What you need to do.
The reply to the records below should contain exactly the lines from the line with "Women's Nike Cameron" through the line with "Pendentif croix argent", and nothing besides.

◆ ◆ ◆ ◆ ◆

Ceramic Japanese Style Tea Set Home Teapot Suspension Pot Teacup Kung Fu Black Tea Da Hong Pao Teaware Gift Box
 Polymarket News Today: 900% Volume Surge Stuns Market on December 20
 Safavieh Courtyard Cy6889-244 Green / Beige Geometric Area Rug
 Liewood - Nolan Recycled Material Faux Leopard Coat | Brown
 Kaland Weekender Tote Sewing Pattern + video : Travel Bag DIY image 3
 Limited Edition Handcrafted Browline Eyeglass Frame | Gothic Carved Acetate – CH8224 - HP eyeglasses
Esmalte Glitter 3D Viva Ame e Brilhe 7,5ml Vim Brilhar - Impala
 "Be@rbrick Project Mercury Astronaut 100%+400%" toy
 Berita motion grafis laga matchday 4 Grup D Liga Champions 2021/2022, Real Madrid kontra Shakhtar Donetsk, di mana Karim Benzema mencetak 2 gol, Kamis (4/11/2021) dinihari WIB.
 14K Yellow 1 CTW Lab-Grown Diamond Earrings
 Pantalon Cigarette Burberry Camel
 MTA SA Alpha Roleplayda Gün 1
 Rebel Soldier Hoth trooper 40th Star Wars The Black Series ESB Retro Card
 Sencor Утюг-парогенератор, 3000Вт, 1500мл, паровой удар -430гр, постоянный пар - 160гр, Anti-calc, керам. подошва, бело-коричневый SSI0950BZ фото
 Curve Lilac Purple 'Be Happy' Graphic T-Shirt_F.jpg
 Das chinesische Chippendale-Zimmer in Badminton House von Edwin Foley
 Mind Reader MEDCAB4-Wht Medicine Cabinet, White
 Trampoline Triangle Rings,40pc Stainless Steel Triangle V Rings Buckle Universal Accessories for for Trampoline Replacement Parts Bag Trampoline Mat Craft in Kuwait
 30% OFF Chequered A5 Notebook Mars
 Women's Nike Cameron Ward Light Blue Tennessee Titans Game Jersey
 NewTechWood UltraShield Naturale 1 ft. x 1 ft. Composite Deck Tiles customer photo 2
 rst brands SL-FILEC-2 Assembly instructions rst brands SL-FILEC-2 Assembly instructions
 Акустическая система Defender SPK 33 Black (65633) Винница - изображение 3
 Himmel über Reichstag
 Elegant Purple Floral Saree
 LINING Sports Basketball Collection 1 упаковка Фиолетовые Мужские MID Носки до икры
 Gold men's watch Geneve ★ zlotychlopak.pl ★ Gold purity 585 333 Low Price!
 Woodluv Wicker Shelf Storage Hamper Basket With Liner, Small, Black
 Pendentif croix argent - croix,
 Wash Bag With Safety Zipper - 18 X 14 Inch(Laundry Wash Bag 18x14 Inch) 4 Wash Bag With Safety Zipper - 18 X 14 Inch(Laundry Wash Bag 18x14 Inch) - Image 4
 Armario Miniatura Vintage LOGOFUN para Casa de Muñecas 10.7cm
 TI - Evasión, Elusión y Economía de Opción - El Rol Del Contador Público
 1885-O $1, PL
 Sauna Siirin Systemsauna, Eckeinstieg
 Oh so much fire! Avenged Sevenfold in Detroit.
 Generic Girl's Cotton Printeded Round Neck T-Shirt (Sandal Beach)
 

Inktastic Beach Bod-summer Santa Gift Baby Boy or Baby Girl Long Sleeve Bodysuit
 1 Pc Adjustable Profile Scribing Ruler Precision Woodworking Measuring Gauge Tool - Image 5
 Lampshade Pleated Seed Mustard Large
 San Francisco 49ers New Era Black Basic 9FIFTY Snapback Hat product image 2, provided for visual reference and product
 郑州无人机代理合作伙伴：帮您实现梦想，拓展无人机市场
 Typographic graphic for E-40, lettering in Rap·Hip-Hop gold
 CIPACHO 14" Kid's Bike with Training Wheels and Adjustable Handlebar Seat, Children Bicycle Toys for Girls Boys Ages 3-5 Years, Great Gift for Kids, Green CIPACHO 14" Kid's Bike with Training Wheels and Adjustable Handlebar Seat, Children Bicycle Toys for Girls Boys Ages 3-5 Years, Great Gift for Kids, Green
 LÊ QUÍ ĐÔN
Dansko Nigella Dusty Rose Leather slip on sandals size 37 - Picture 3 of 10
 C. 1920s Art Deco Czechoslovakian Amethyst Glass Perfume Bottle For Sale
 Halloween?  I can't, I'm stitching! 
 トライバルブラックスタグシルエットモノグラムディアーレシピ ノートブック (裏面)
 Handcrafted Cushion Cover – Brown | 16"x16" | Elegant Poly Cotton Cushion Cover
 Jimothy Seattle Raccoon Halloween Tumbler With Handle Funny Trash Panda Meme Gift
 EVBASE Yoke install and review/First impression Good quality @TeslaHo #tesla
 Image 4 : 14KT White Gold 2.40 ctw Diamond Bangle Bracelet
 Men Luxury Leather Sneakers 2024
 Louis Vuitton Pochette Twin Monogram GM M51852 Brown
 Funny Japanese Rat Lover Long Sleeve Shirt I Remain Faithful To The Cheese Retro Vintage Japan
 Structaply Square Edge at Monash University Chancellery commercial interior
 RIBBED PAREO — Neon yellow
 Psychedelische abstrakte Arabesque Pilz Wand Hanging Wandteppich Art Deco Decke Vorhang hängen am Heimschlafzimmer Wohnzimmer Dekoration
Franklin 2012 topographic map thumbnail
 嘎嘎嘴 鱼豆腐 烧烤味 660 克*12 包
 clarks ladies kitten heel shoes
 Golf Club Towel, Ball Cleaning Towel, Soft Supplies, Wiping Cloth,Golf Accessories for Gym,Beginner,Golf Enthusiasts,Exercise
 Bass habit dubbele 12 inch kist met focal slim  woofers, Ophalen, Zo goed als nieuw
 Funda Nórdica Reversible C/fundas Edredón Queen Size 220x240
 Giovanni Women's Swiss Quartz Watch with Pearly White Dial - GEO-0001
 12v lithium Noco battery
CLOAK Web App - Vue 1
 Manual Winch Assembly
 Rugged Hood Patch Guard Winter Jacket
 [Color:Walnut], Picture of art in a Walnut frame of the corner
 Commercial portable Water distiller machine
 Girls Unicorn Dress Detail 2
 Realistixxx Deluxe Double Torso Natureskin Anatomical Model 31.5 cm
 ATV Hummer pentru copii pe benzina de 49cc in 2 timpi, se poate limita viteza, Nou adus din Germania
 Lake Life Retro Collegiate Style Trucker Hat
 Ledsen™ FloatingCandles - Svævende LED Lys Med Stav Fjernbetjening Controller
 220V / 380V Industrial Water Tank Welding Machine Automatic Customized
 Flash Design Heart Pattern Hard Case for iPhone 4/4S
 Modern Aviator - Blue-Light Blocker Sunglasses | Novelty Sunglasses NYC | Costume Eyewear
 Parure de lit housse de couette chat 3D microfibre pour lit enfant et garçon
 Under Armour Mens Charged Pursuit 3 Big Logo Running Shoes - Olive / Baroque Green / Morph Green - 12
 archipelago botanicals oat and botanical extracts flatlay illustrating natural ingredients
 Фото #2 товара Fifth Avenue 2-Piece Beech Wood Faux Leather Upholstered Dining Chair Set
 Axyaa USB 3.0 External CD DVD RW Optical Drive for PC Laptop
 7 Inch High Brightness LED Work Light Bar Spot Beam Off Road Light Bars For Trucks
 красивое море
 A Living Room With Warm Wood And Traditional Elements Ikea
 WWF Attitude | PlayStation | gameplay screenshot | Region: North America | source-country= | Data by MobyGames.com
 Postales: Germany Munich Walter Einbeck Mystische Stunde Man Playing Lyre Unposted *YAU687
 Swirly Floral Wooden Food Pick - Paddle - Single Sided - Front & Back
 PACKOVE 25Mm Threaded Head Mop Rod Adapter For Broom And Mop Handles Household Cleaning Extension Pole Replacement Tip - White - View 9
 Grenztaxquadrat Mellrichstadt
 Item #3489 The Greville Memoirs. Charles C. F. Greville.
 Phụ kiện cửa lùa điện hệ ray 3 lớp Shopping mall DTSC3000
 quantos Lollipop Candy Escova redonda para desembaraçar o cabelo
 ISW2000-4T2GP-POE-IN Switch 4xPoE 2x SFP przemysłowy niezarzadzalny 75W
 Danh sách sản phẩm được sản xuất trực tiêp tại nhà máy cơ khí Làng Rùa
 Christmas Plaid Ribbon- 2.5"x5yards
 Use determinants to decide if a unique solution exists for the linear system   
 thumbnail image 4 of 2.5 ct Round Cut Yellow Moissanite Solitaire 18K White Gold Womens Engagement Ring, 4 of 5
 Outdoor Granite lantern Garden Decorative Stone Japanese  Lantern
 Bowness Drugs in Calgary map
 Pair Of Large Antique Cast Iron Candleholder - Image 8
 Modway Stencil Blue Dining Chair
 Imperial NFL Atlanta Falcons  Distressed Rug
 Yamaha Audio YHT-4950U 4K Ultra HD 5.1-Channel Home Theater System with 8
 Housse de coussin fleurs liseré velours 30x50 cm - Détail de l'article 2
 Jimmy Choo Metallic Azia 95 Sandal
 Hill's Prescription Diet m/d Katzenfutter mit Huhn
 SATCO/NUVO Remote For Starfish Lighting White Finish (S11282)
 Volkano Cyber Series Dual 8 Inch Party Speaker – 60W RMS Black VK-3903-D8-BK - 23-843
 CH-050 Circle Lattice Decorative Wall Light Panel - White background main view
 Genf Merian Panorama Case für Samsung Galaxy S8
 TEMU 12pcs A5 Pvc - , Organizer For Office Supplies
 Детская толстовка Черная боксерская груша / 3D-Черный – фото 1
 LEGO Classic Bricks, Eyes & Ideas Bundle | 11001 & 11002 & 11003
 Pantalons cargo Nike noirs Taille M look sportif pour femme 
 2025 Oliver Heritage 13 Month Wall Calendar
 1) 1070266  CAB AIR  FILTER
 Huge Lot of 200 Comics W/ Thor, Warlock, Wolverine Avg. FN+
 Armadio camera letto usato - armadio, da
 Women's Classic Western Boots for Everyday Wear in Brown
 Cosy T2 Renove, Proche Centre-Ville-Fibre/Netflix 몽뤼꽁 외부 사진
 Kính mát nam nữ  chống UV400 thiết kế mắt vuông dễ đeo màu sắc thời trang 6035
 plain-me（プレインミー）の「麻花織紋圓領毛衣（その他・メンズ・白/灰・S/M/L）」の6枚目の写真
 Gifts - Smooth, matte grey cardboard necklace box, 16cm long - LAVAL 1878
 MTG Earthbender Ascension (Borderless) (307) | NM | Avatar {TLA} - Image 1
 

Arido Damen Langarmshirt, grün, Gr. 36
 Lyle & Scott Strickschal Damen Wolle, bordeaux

◆ ◆ ◆ ◆ ◆

Result for this task.
 Women's Nike Cameron Ward Light Blue Tennessee Titans Game Jersey
 NewTechWood UltraShield Naturale 1 ft. x 1 ft. Composite Deck Tiles customer photo 2
 rst brands SL-FILEC-2 Assembly instructions rst brands SL-FILEC-2 Assembly instructions
 Акустическая система Defender SPK 33 Black (65633) Винница - изображение 3
 Himmel über Reichstag
 Elegant Purple Floral Saree
 LINING Sports Basketball Collection 1 упаковка Фиолетовые Мужские MID Носки до икры
 Gold men's watch Geneve ★ zlotychlopak.pl ★ Gold purity 585 333 Low Price!
 Woodluv Wicker Shelf Storage Hamper Basket With Liner, Small, Black
 Pendentif croix argent - croix,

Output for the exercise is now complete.